Right now I have a simple two-account system, and my choice of instance for each account is fairly arbitrary. (Although toot.cafe is somewhat tech- and programming-themed, so talking about computery stuff there feels very natural.) However, you could imagine tailoring an account to its home instance, based on the instance’s theme or moderation policies.

Going back to the Bob example, let’s imagine that Bob sets up four instances:

  1. An instance for his son’s little-league team, which is closed off from most of the fediverse via whitelisting and has very strict moderation policies to ensure it stays kid-friendly. All of the parents have moderator accounts.
  2. An instance for his church group. The moderation policies reflect Christian values, and although you can talk openly about your faith, it’s advised to use Content Warnings for controversial topics.
  3. An instance for his vegetarian meetup. You’re encouraged to take pictures of your food, but pictures of meat dishes are strictly off-limits. Vegetarian (non-vegan) food photos are okay, but should be hidden behind a “sensitive” tag.
  4. A free-for-all instance for his drinking buddies. Anything goes, say whatever racy or off-color joke pops into your head, but be aware of the consequences – such as the fact that other instances might not want to federate with you. You might also want to use a pseudonym here instead of your real name.

Bob could create a separate account on all four instances, and he might speak in a very different voice on each of them. If he’s an admin or a moderator, he may even enforce very different policies, and he might choose different instances to block or silence. In fact, one of his instances may even block the other! Via whitelisting, the kid-friendly one certainly blocks the drinking-buddies instance.

Bob’s not doing anything wrong here. He’s not a hypocrite. He’s not being deceitful. He’s just taking exactly the same logic that we use in the real world, and applying it to the online world.

Conclusion

It’s unreasonable to expect people to speak in the same voice in every social setting offline, so it’s equally unreasonable to ask them to do it online.

In the world of centralized social networks, users have responded to “real name policies” and “please use one account” by fracturing themselves into different proprietary silos.
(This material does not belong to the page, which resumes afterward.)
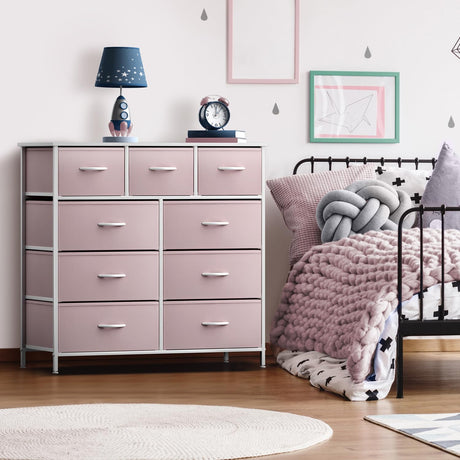 Sorbus Dresser with 9 Drawers - Furniture Storage Chest Tower Unit for Bedroom, Hallway, Closet, Office Organization - Steel Frame, Wood Top, Fabric Bins (Solid Pink, Solid) Sorbus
On decentralized social networks, we can continue fracturing ourselves based on instances, but these disparate identities are allowed to comingle a bit, thanks to the magic of federation.

I don’t expect everyone to use the same techniques I use, such as having a joke account and a serious account. For some people, that’s just too much of an investment in social media, and it’s too hard to juggle more than one account. But I think it’s a partial solution to the problem of context collapse, and although it’s a bit of extra effort, it can pay dividends in the form of fewer misunderstandings, fewer ambiguities, and less confusion for your readers.